Please see the formulas below (from the discussed article):
The generalizes hypergeometric distribution has the form GHG(k, l, m, n; $\vec{a}$, $\vec{b}$, $\vec{c}$, $\vec{d}$, $\theta$)
$$P\{X=x\}=c\cdot \frac{\prod_{j=1}^m c_j(x)\prod_{j=1}^n d_j^-[x]}{x!\prod_{j=1}^ka_j(x)\prod_{j=1}^l b_j^-[x]}\theta^x$$
For the Poisson case (k,l,m,n)=(0,0,0,0). Letting $\theta=\lambda$ and $\theta_0=\lambda/N$, we conclude $\mu=N/\lambda$
Using Takeuchi's approximation in the article, we should use $a_j=\alpha_jN+1$, $b_j=\beta_jN+1$, $c_j=\gamma_jN+1$, $d_j=\delta_jN+1$, $\alpha_j>0$, $\beta_j>0$, $\gamma_j>0$, for $\alpha_0=0$, we have $a_0=0$ (sure, whether also for the other variables).
We have
$$\begin{equation}\begin{split} A_i&=\sum_{j=0}^k\frac{1}{(\alpha_j+\mu)^i}+\sum_{j=1}^l\frac{1}{(\beta_j-\mu)^i}-\sum_{j=1}^m\frac{1}{(\gamma_j+\mu)^i}-\sum_{j=1}^n\frac{1}{(\delta_j-\mu)^i}\\ B_i&=\sum_{j=0}^k\frac{1}{(\alpha_j+\mu)^i}-\sum_{j=1}^l\frac{1}{(\beta_j-\mu)^i}-\sum_{j=1}^m\frac{1}{(\gamma_j+\mu)^i}+\sum_{j=1}^n\frac{1}{(\delta_j-\mu)^i} \end{split}\end{equation}$$ which we input into \begin{equation}\label{eq:approxHida} \begin{split} p_X(x)&=\frac{1}{\sqrt{2\pi N\sigma}}e^{-\frac{z^2}{2\sigma^2}}\Big[1+(A_2z^3-3A_1z)-\frac{1}{24N}( 2B_2z^4-6B_2z^2)\\ &+\frac{1}{72N}(A_2z^3-3A_1z)^2+o\left(\frac{1}{N}\right)\Big], \end{split} \end{equation} where $z=(x-N\mu)/\sqrt{N}$.

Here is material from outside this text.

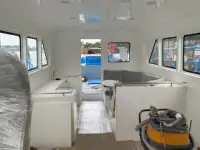 Πλοίο μεταφοράς προσωπικού προς πώληση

For the Engeworth approximation:
$$P\{Y_n=y\}=\frac{1}{\sqrt{2\pi n}\sigma}e^{-z^2/2}\Big( 1+\frac{\beta_3}{6\sqrt{n}}H_3(z)+\frac{\beta_4}{24\sqrt{n}}H_3(z)+\frac{\beta_3^2}{72\sqrt{n}}H_6(z)\Big)$$, where $z=(y-n\mu+0.5)/(\sqrt{n}\sigma)$ $H_i$'s the Hermite polynomials: $H_3(z)=z^3-3z$, $H_4(z)=z^4-6z^2+3$, $H_6(z)=z^6-15z^4+45z^2-15$. $\beta_i=\kappa_i/\sigma^i$. $\kappa_i$ is the i-th cummulant. (in the poisson example are the $\beta_i=\frac{\lambda}{\lambda^i}$ and $\lambda=n$).
The results should be for $x=1$, the true value 0.00045399 and the relative error for Takeuchi -0.112287 and Edgeworth. -0.163343. The results should be for $x=2$, the true value 0.00227 and the relative error for Takeuchi 0.0604028 and Edgeworth -0.163343.